According to figures released by the Nevada Gaming Control Board (NGCB) on Thursday, the 191 sportsbooks in Nevada won a combined $301 million from bettors off of a $5.01 billion handle in 2018. Both the win and the total handle were records for the state.
Nevada Growth Continues Despite Competition
This was the ninth straight year that Nevada set a record for handle. The streak continued despite the fact that several states legalized sports betting during 2018, including Delaware, New Jersey, Mississippi, and Pennsylvania, among others.
“The expansion hasn’t hurt us,” Caesars Entertainment sportsbook director Bill Sattler told the Las Vegas Review-Journal. “There’s more buzz about sports betting here in Nevada.”
Football remained the leading source of revenue for sportsbooks in Las Vegas and throughout the state. Between the NFL and college football, bookmakers won $102.4 million on a handle of $1.8 billion. $1.5 billion was bet on basketball, while $1 billion was wagered on baseball.
The books not only benefitted from the amount of betting, but also the fact that they had better than expected results throughout the year. Sportsbooks enjoyed a hold of 6.01 percent, the highest win percentage they’ve had in more than a decade.

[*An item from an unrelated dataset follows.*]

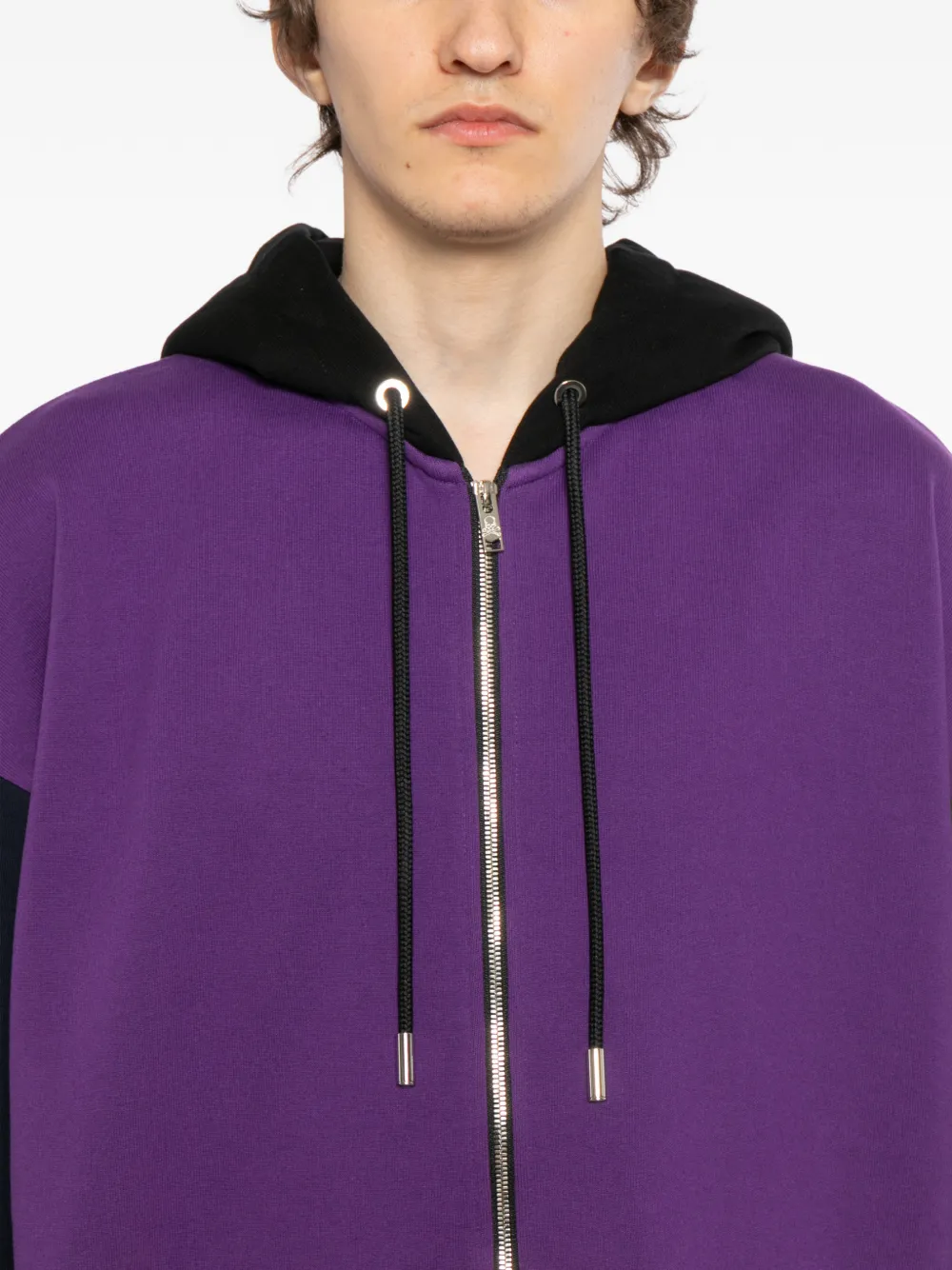Mastermind Japan Hoodie met colourblocking Paars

According to NGCB researcher Michael Lawton, the expansion of sports betting has given the industry a higher profile, meaning it has actually helped Nevada’s sportsbooks rather than hurting them.
“The state continues to see more regional and national tourists seek out the sportsbook when they visit properties,” Lawton said to ESPN. “This can be attributed to the continued national press stories and the unique experience Nevada casinos offer for sports betting, including the Super Bowl and March Madness.”
Other States Aren’t Rivaling Nevada – Yet
The continued growth in Nevada suggests that the state will continue to lead the way in American sports betting for some time to come.
New Jersey is poised to be a major rival, but has a ways to go before it will challenge Nevada for the top spot. In six months of operation, New Jersey bookmakers took in about $1.2 billion in handle. While that number will increase dramatically in 2019 – not only because of the full year of business, but also due to the increasing number of operators and the introduction of mobile betting – it is doubtful that it will come anywhere near $5 billion.
The real question may be whether Nevada’s growth can continue unabated as more and more states enter the sports betting industry. According to Station Casinos vice president of race and sports Art Manteris, a couple of upcoming major events may provide more insight on which way the winds are blowing.
“There are a lot of factors to consider, not just betting handle, and I’ve seen no evidence that other states’ involvement has negatively impacted us,” Manteris told ESPN. “Now, Super Bowl and March Madness will be a great indication to what’s ahead.”